Parágrafo único. Nos processos administrativos serão observados, entre outros, os critérios de:

I - atuação conforme a lei e o Direito;

Legalidade Forte e Fraca

Existem vários padrões de legalidade, os quais variam de acordo com o setor, com o tipo de ato e com a função administrativa exercida. Como citado anteriormente, Legalidade não significa que todo comportamento da Administração deva estar descrito no texto normativo. De acordo com Charles Eisenmann, destacam-se dois padrões de legalidade:

  • Legalidade Fraca: indica uma relação de compatibilidade da conduta com o ordenamento jurídico, ou seja, tudo é permitido, desde que a lei não proíba. Assim, basta a comprovação de que o agente público não fez algo que o ordenamento jurídico proíba.
  • Legalidade Forte: exige a conformidade do comportamento com o texto legal, ou seja, o agente pode fazer apenas aquilo que o Direito expressamente autoriza.

É importante salientar que esses padrões de Legalidade convivem no ordenamento jurídico. Haverá preferência pelo padrão de Legalidade Forte quando a Administração Pública restringir a liberdade dos particulares. Isso porque, de acordo com o art. 5º, inciso II da CF, a restrição da liberdade dos indivíduos (ou seja, forçá-los a fazer ou deixar de fazer algo) pela Administração depende de uma autorização em lei.

Art. 5º. [...]

II - ninguém será obrigado a fazer ou deixar de fazer alguma coisa senão em virtude de lei;

A Legalidade Forte, portanto, é uma reserva legal, ou seja, todas as ações restritivas do Estado necessitam de previsão legal anterior.
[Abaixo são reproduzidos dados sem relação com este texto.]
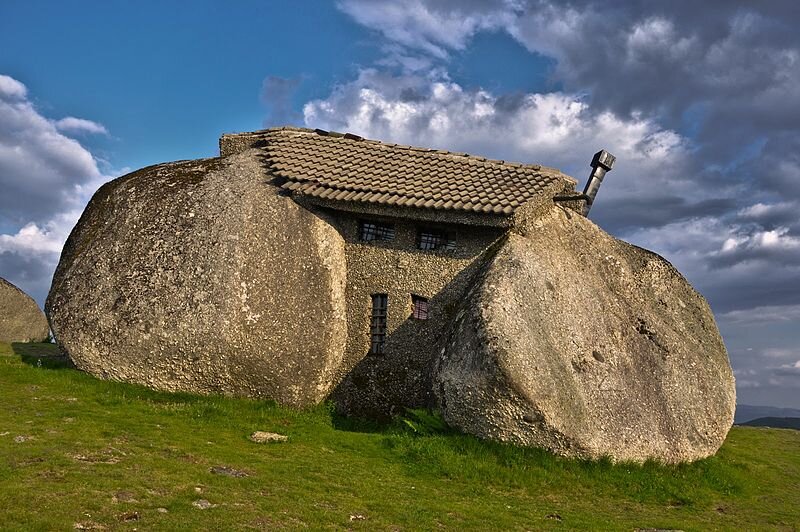 Дом-камень, Португалия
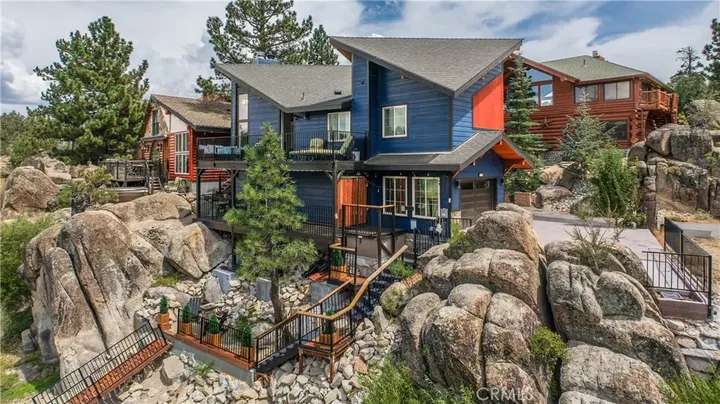 Property Photo:  808 Penninsula  CA 92315 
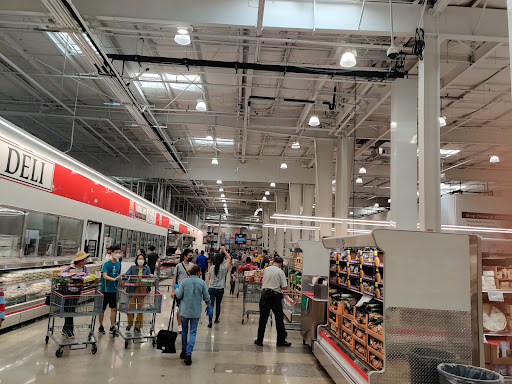 Warehouse store «Costco Wholesale», reviews and photos, 150 Lawrence Station Rd, Sunnyvale, CA 94086, USA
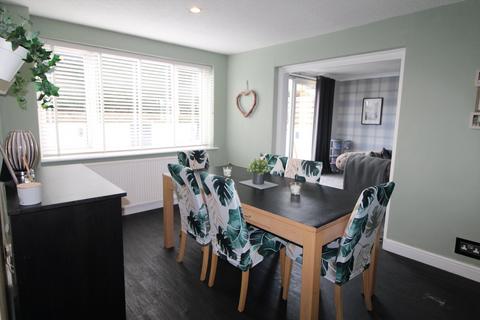 5 bedroom detached house for sale, Camborne Way, Keighley, BD22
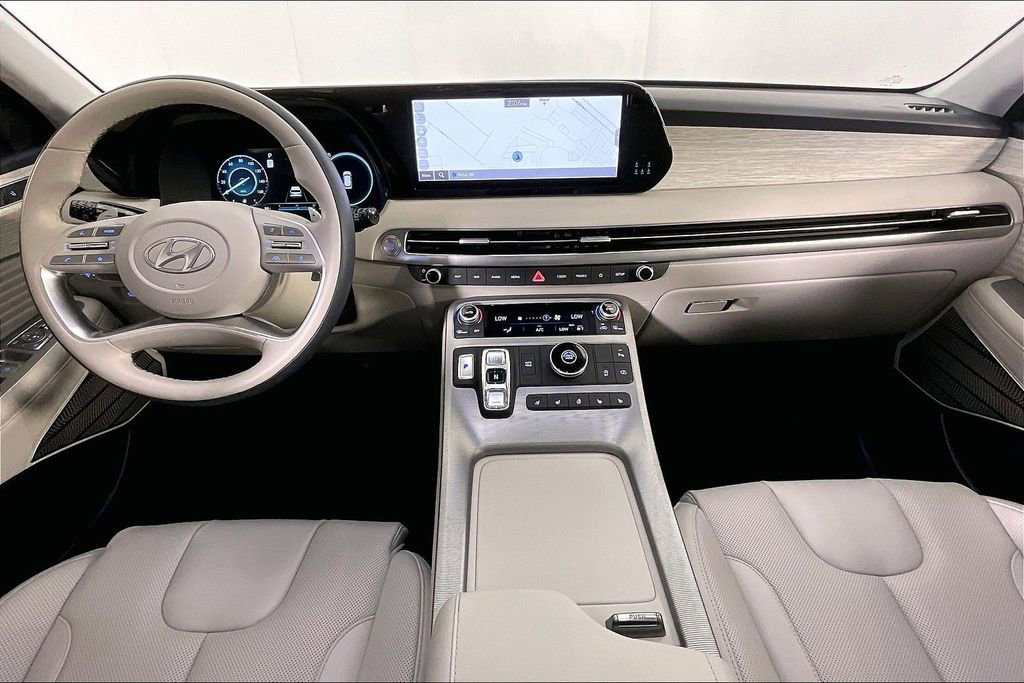 Used 2025 Hyundai Palisade Calligraphy image 21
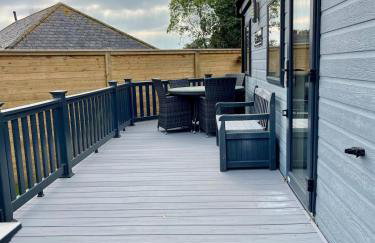 Elegant Lodge in Peaceful Holiday Resort - Photo 45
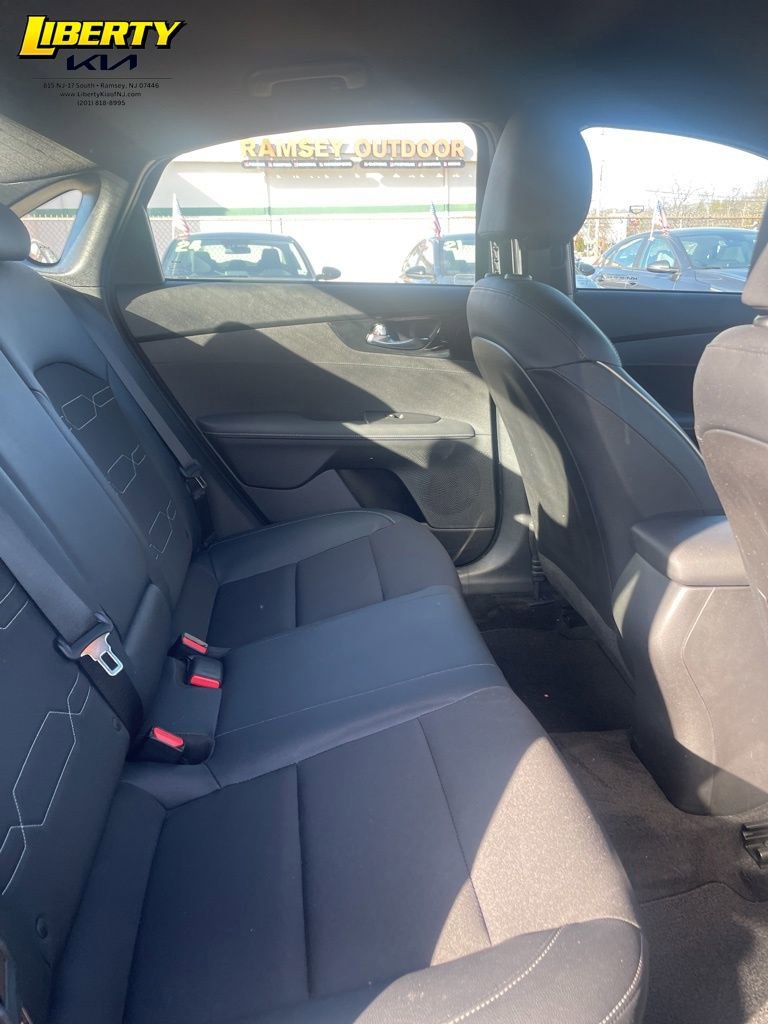 Used 2023 Kia Forte GT-Line image 10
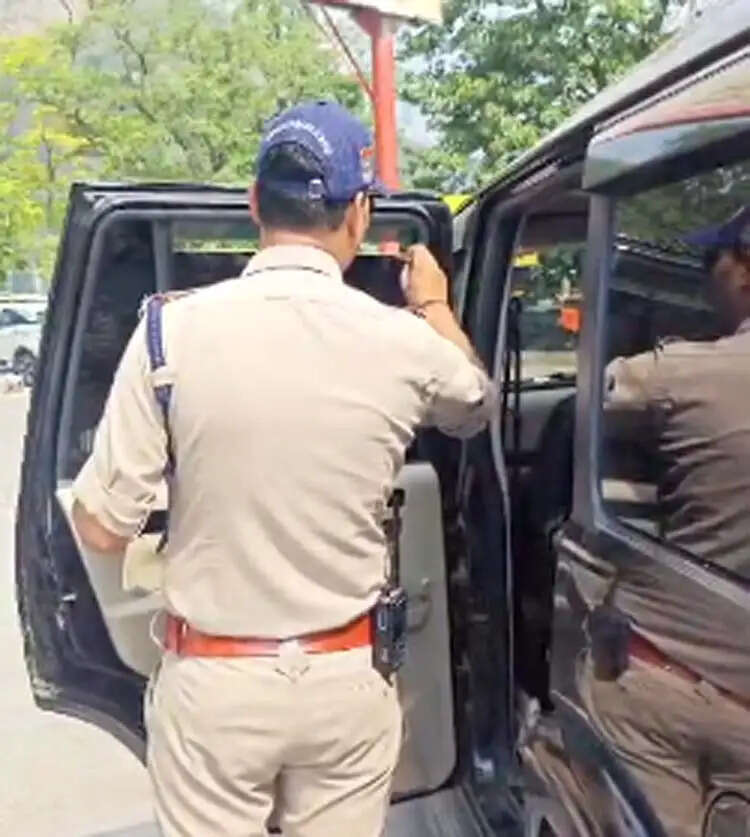 चारधाम यात्रा को लेकर सघन चेकिंग अभियान जारी, यातायात नियम तोड़ने वालों पर कार्रवाई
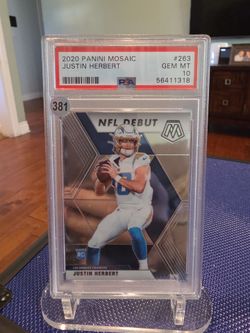 Justin Herbert 2020 Panini Mosaic RC PSA 10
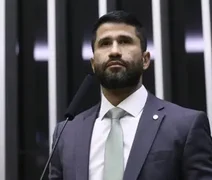 Fábio Costa é criticado após assinar proposta sobre escala 6x1
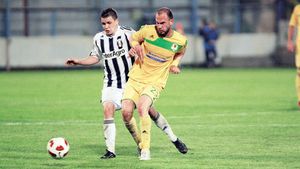 Copos și Porumboiu au confirmat negocierile:** "Rapid îl vrea pe Pavlovic"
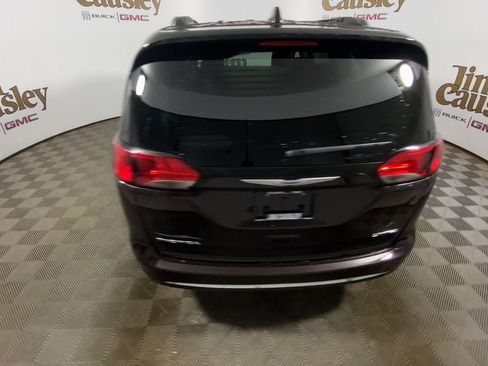 Used 2019 Chrysler Pacifica Limited FWD image 7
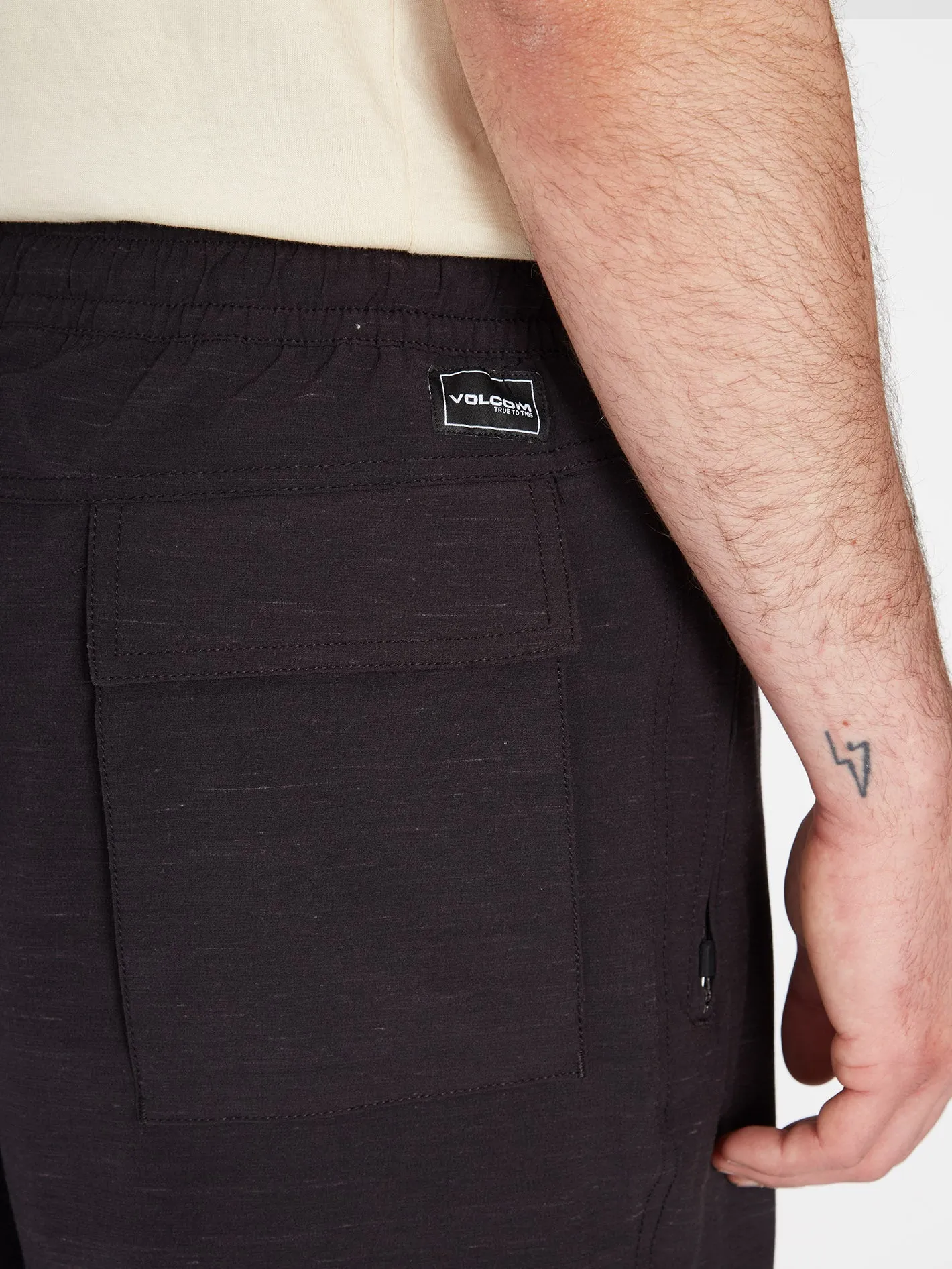 Wrecpack Hybrid 19" Shorts - BLACK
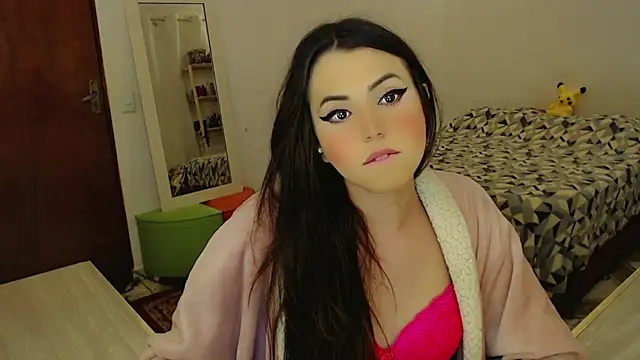 Sophie Fantasys online show from June 21, 4:51 am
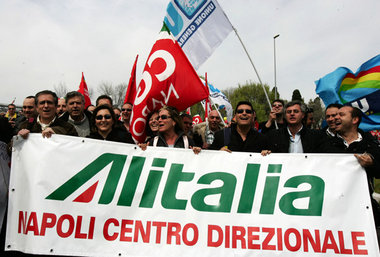 Zukünftig verboten? Mitarbeiter der Fluggesellschaft Alitalia pr... Zukünftig verboten? Mitarbeiter der Fluggesellschaft Alitalia pr...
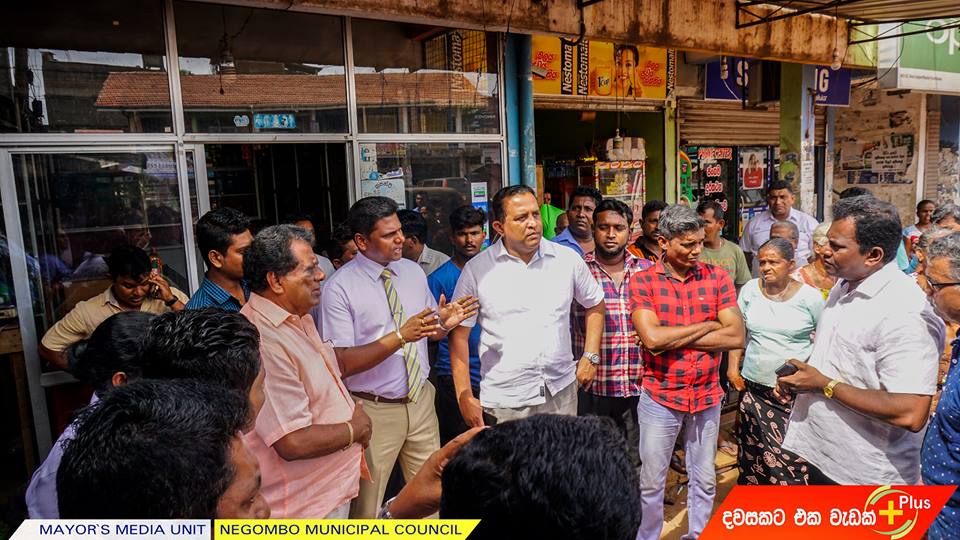 එජාප නාගරික මන්ත්රි සුමිත්ට පාට් දාමු නගරාධිපතිට එරෙහිව සියළු එජාප මන්ත්රිලා අද කොච්චිකඩේට ! ! 5 dayan and sumith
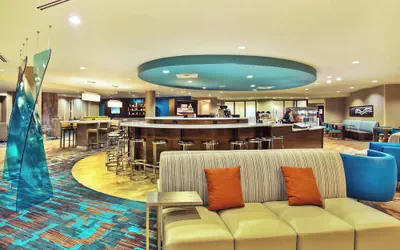 Photo 4 - Courtyard by Marriott Gulfport Beachfront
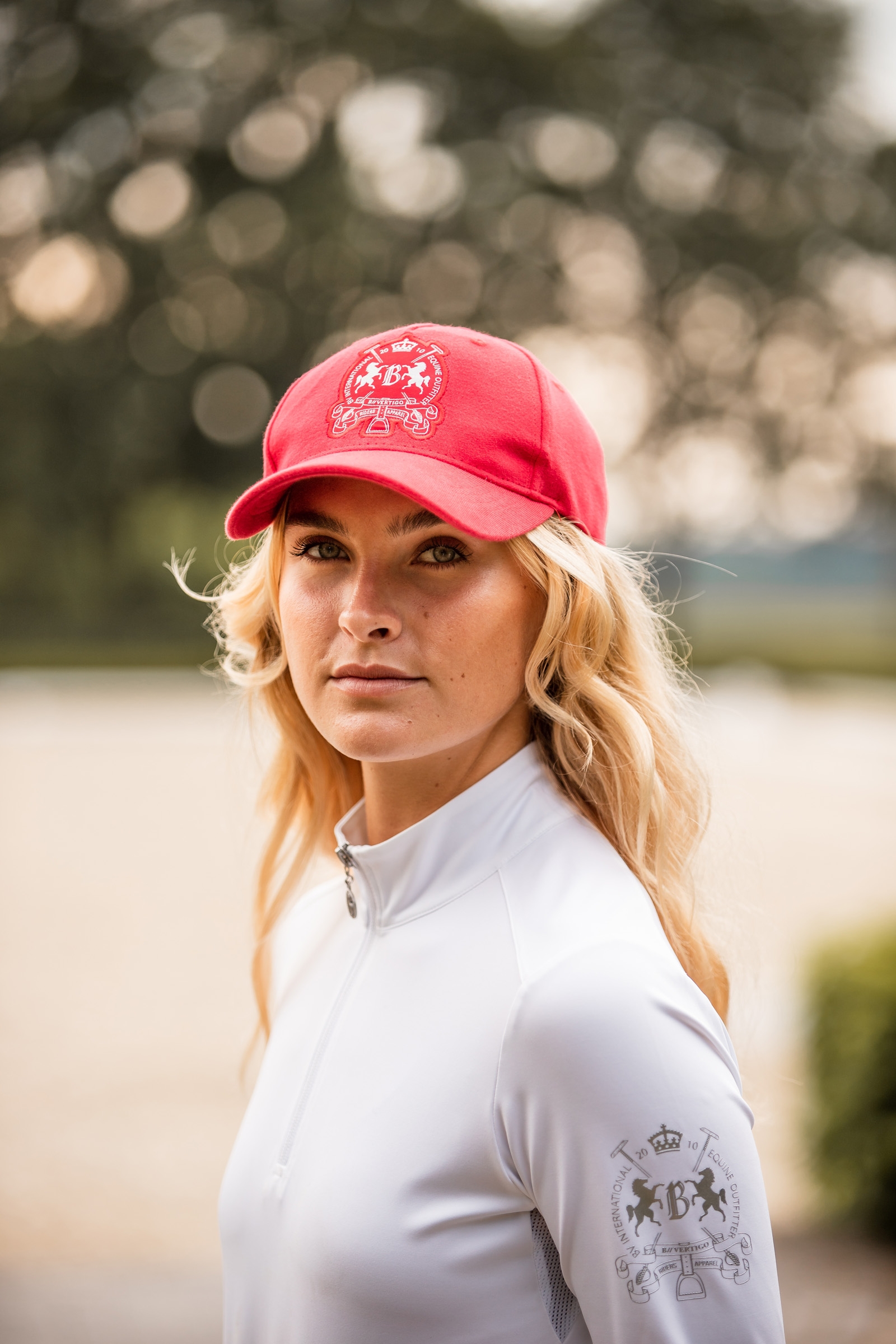 B Vertigo Logo Kasket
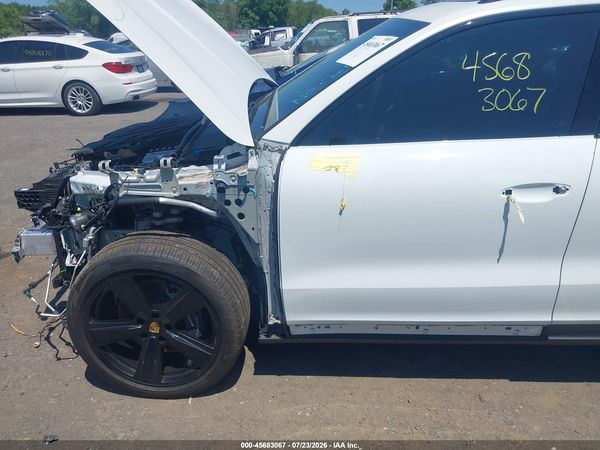2024 PORSCHE CAYENNE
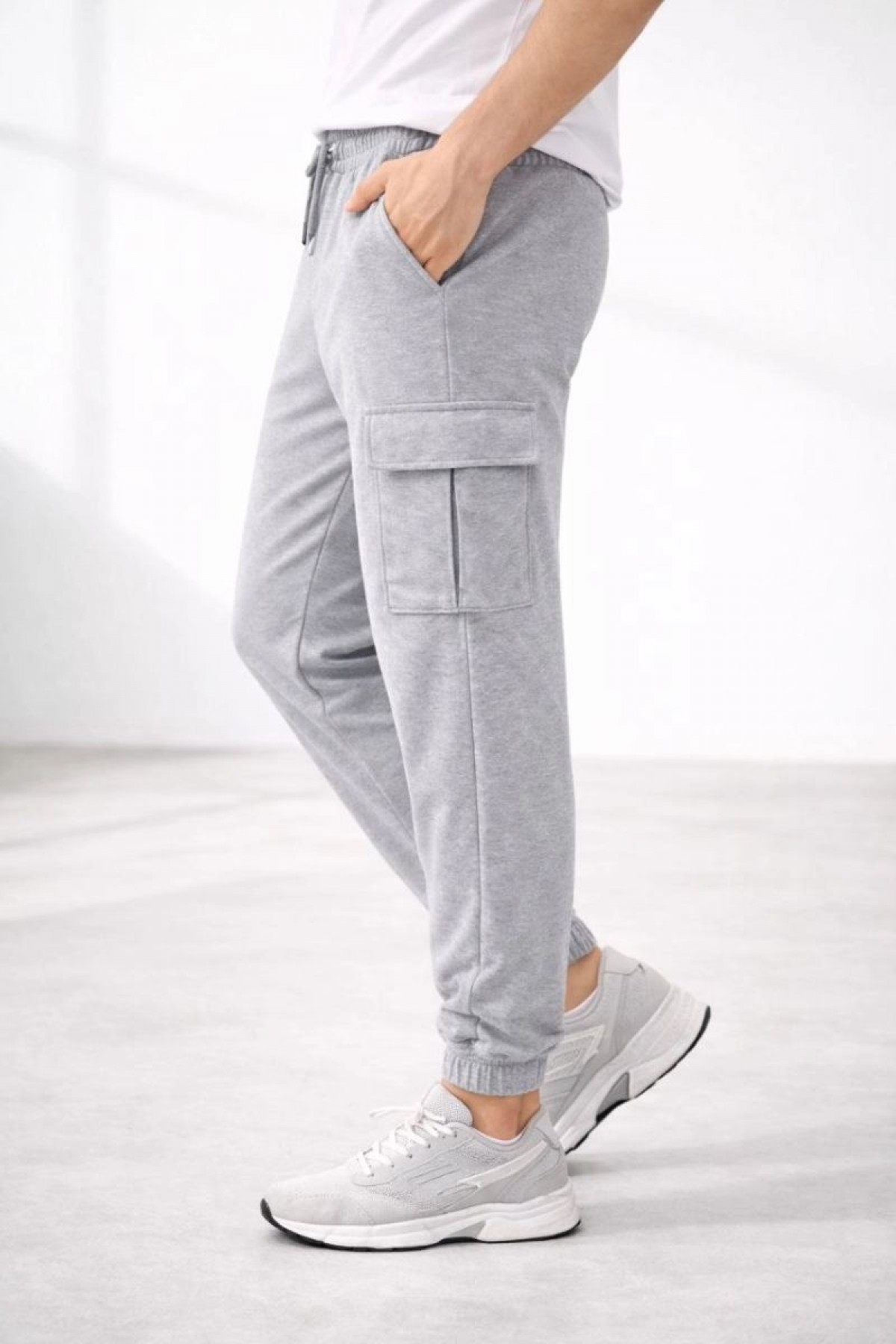 Erkek Jogger Eşofman Altı Kargo Cepli Lastikli Paça Spor Pantolon - Gri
Contrariamente, as ações benéficas ou prestativas não se enquadram no art. 5º, inciso II, da CF, quer dizer, se enquadram no padrão de Legalidade Fraca.

Derivações da Legalidade

São subprincípios derivados do princípio da Legalidade Administrativa:

  • Subprincípio da tutela ou supervisão que os entes da Administração Direta (secretarias ou Ministérios), exercem sobre a Indireta (autarquias, empresas estatais etc.). Há, portanto, uma relação de vinculação, visto que os entes da Administração Direta zelam para que os entes especializados da Administração Indireta exerçam suas funções adequadamente, respeitem normas orçamentárias, finalidades, entre outros aspectos.
  • Subprincípio da autotutela das entidades públicas, pelo qual a Administração Pública pode anular, revogar, confirmar, convalidar ou revisar seus próprios atos de ofício, independentemente de uma manifestação judicial prévia (Súmulas 346 e 473 do STF).
  • Presunção relativa de legalidade e de veracidade favorável à Administração Pública, ou seja, acredita-se que os atos do Estado são verdadeiros e estão alinhados com a legislação. A partir da presunção, é possível entender a proibição constitucional de recusar fé a documentos públicos (art. 19, II, CF) e o poder de qualquer agente autenticar documentos (art. 22, §3º, Lei de Processo Administrativo).